[Exercise objective]
Transcribe the data exactly, omitting whatever pictures it holds.

[Dataset content]
☆ ☆ ☆ ☆ ☆ ☆ ☆

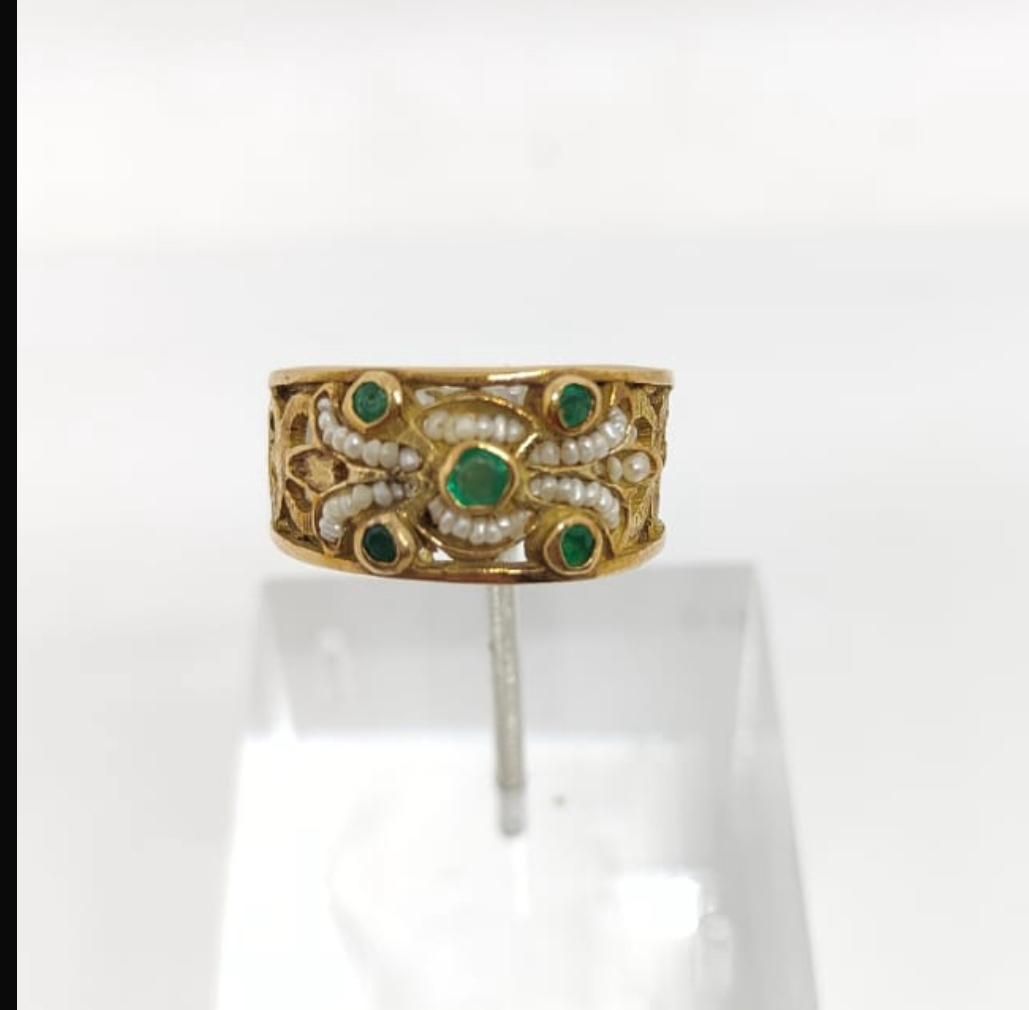 ANELLO  IN ORO PERLINE E SMERALDI ANELLO  IN ORO PERLINE E SMERALDI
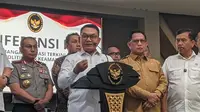 Menko Polkam Dudung Abdurachman usai rapat dengan kementerian soal Karhutla (Foto: Uliyanti/Liputan6.com)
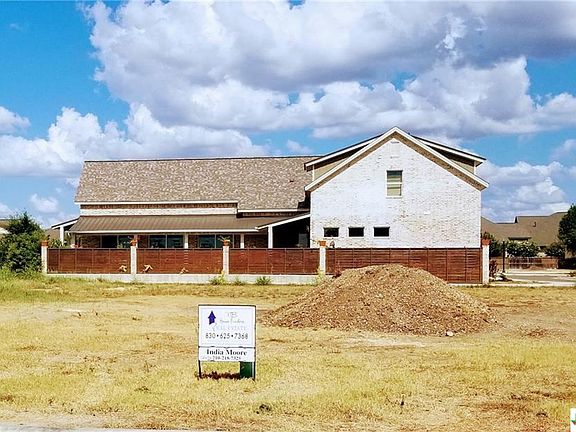 3rd image of 958 Gruene Place Dr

☆ ☆ ☆ ☆ ☆ ☆ ☆

[Finished task]
 ANELLO  IN ORO PERLINE E SMERALDI ANELLO  IN ORO PERLINE E SMERALDI
 Menko Polkam Dudung Abdurachman usai rapat dengan kementerian soal Karhutla (Foto: Uliyanti/Liputan6.com)
 3rd image of 958 Gruene Place Dr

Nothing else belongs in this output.